- Prompt
Starting at the line below that contains "3rd image of 1105 El Camino Real APT 5" and ending at the line that contains "Eclipse de luna", retype each line exactly as it stands, but omit the pictures.

- Records shown
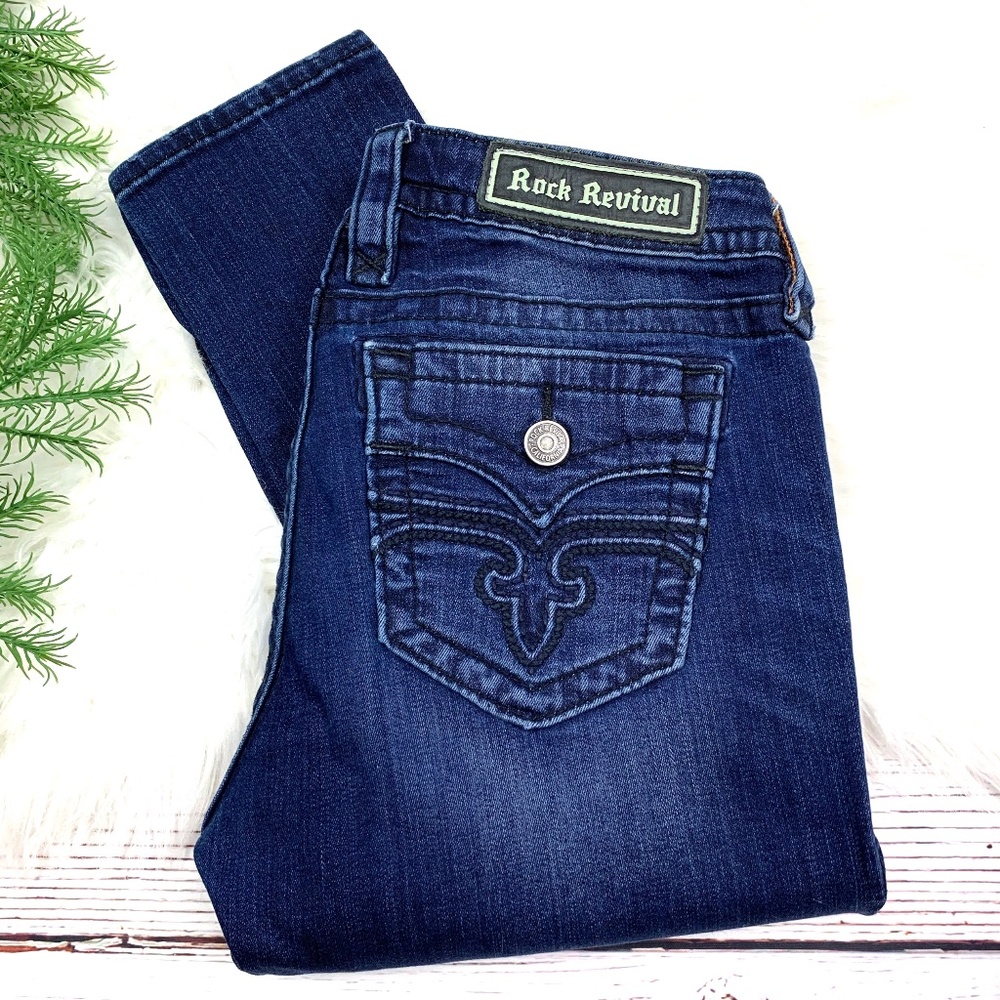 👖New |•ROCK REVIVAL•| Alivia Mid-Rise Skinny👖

...

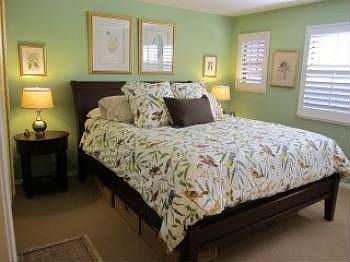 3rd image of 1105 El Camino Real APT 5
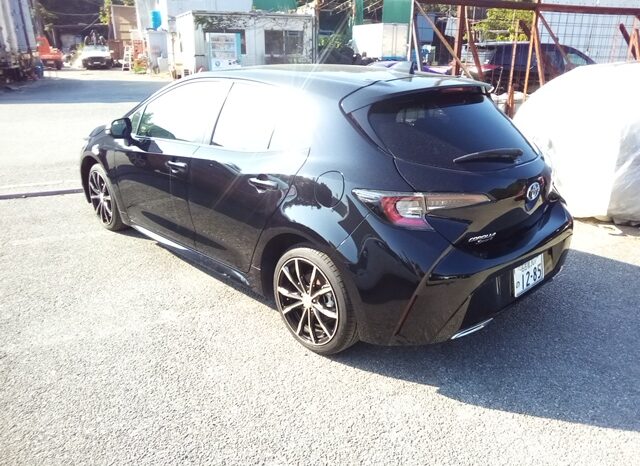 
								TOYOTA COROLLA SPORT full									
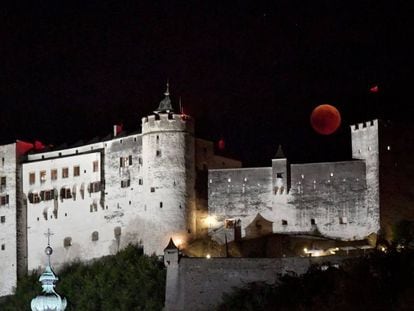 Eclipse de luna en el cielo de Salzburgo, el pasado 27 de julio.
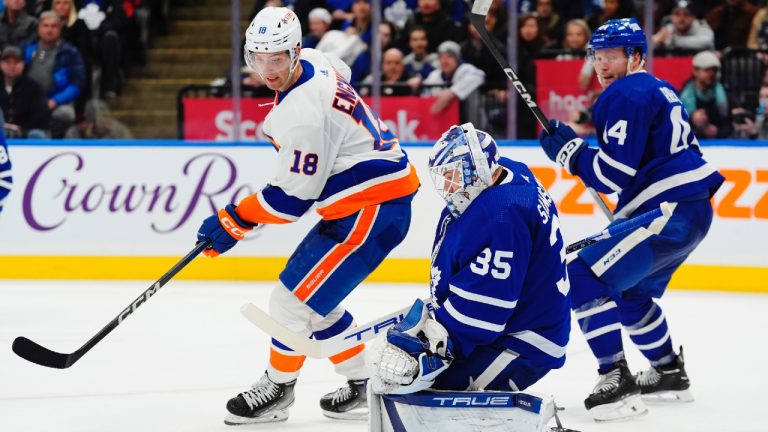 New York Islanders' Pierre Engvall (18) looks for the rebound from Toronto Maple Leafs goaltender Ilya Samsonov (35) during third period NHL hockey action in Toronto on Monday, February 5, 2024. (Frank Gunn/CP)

- Final answer
 3rd image of 1105 El Camino Real APT 5
								TOYOTA COROLLA SPORT full									
 Eclipse de luna en el cielo de Salzburgo, el pasado 27 de julio.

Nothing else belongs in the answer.